Note in general the way to tell the two apart:
Can you paraphrase the meaning of the compound "[X . Y]" to A person/thing that is a Y, or ... that does Y, if Y is a verb (with X having some unspecified connection)? This is an endocentric compound.
Can you paraphrase the meaning if the compound "[X . Y]" to A person/thing that is with Y, with X having some unspecified connection? This is an exocentric compound.
Exocentric compounds occur more often in adjectives than nouns. A barefoot girl, for example, is not a girl that is a bare foot, but a girl with a bare foot. Similarly, a V-8 car is a car with a V-8 engine rather than a car that is a V-8, and a twenty-five-dollar car is a car with a worth of $25, not a car that is $25. The compounds shown here are bare, but more commonly, a suffixal morpheme is added, esp. -ed.
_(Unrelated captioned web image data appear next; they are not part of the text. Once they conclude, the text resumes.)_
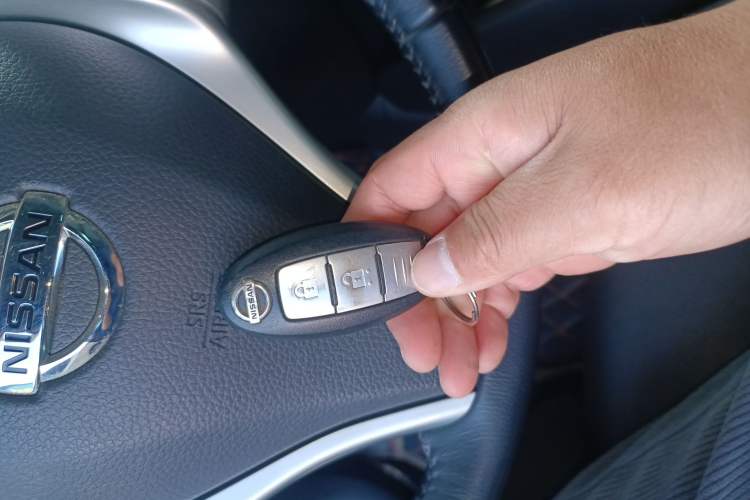 Used Nissan X-Trail 2014 2.0L CVT Comfort Edition 2WD
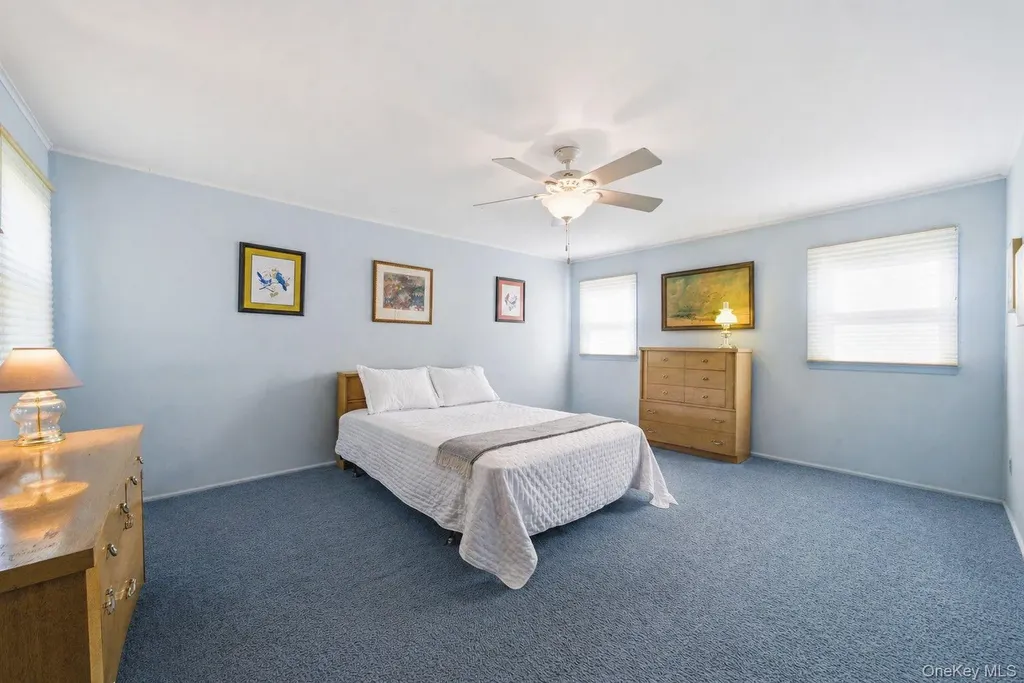15 Frost Lane Greenlawn NY 11740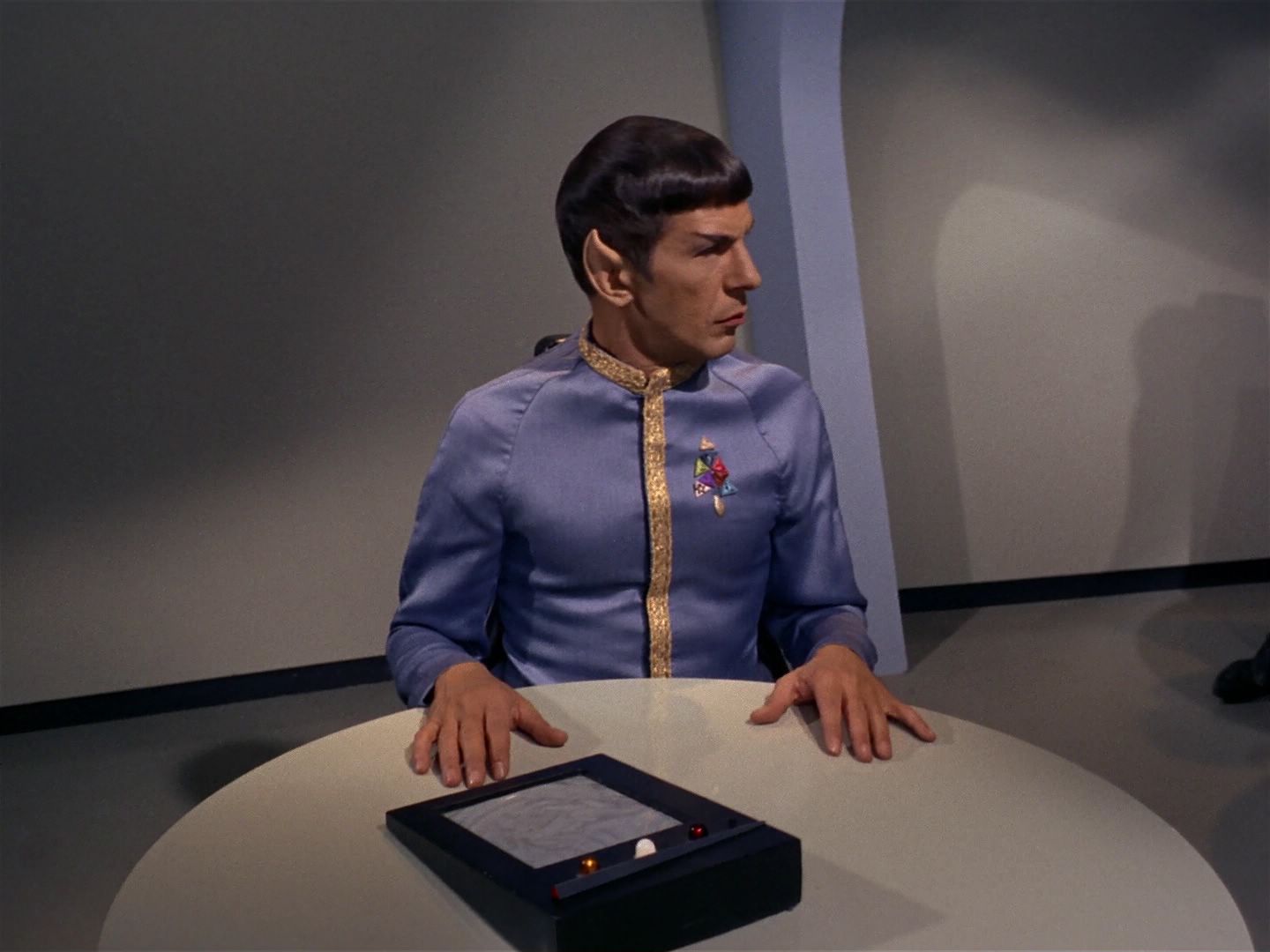 ariane179254_StarTrek_1x11_TheMenageriePart1_3336.jpg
Hence, a two-legged person is a person with two legs, and this is exocentric.
On the other hand, endocentric adjectives are also frequently formed, using the suffixal morphemes -ing or -er/or. A car-carrier is a clear endocentric determinative compound: it is a thing that is a carrier of cars. The related adjective, car-carrying, is also endocentric: it refers to an object which is a carrying-thing (or equivalent, which does carry).
These types account for most compound nouns, but there are other, rarer types as well. Coordinative, copulative or dvandva compounds combine elements with a similar meaning, and the compound meaning may be a generalization instead of a specialization. Bosnia-Herzegovina, for example, is the combined area of Bosnia and Herzegovina, but a fighter-bomber is an aircraft that is both a fighter and a bomber. Iterative or amredita compounds repeat a single element, to express repetition or as an emphasis. Day-by-day and go-go-go are examples of this type of compound, which has more than one head.
Analyzability may be further limited by cranberry morphemes and semantic changes. For instance, the word butterfly, commonly thought to be a metathesis for flutter by, which the bugs do, is actually based on an old bubbe-maise that butterflies are petite witches that steal butter from window sills. Cranberry is a part translation from Low German, which is why we cannot recognize the element cran (from the Low German kraan or kroon, "crane"). The ladybird or ladybug was named after the Christian expression "our Lady, the Virgin Mary".
In the case of verb+noun compounds, the noun may be either the subject or the object of the verb. In playboy, for example, the noun is the subject of the verb (the boy plays), whereas it is the object in callgirl (someone calls the girl).